The records:
==================================================

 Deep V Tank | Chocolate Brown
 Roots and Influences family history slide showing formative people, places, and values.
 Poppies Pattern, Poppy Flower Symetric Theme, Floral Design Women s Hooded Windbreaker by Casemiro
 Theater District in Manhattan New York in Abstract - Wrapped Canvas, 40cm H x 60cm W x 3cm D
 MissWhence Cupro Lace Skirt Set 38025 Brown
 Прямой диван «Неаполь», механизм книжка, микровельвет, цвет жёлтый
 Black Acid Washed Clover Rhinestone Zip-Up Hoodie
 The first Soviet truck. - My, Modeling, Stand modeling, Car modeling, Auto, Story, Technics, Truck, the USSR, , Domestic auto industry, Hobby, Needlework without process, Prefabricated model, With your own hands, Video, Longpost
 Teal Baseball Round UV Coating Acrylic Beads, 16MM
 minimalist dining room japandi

==================================================

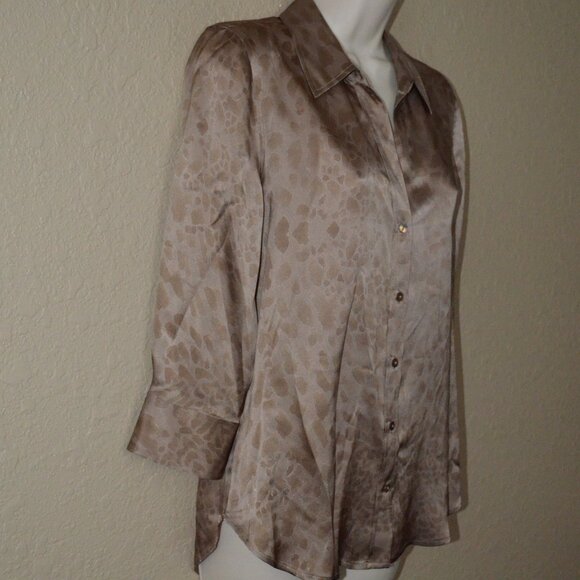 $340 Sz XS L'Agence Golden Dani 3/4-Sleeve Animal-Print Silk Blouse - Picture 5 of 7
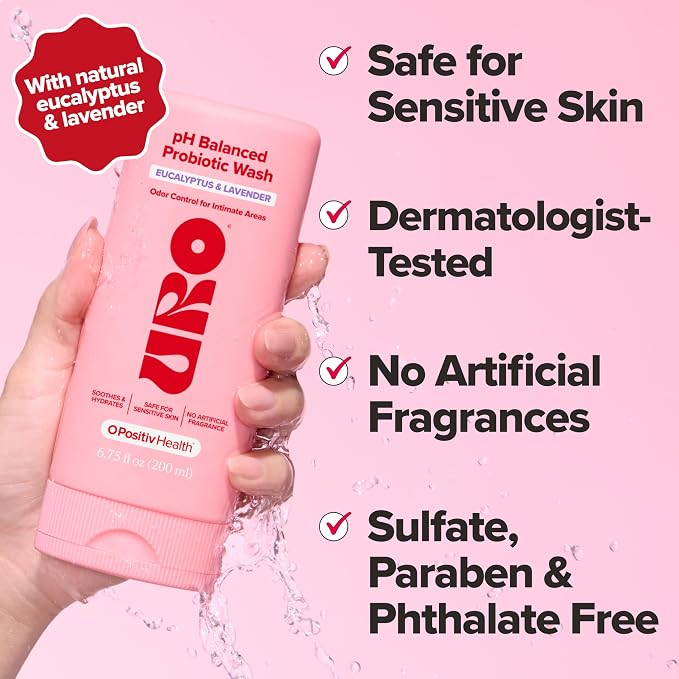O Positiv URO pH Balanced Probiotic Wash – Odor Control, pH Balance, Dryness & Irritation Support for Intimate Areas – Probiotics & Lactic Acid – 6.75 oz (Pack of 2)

==================================================

Work instruction: Please reproduce exactly the lines in the listing above from the one containing "Black Acid Washed" through the one containing "The first Soviet", both included, and nothing more.

Output of the task:
 Black Acid Washed Clover Rhinestone Zip-Up Hoodie
 The first Soviet truck. - My, Modeling, Stand modeling, Car modeling, Auto, Story, Technics, Truck, the USSR, , Domestic auto industry, Hobby, Needlework without process, Prefabricated model, With your own hands, Video, Longpost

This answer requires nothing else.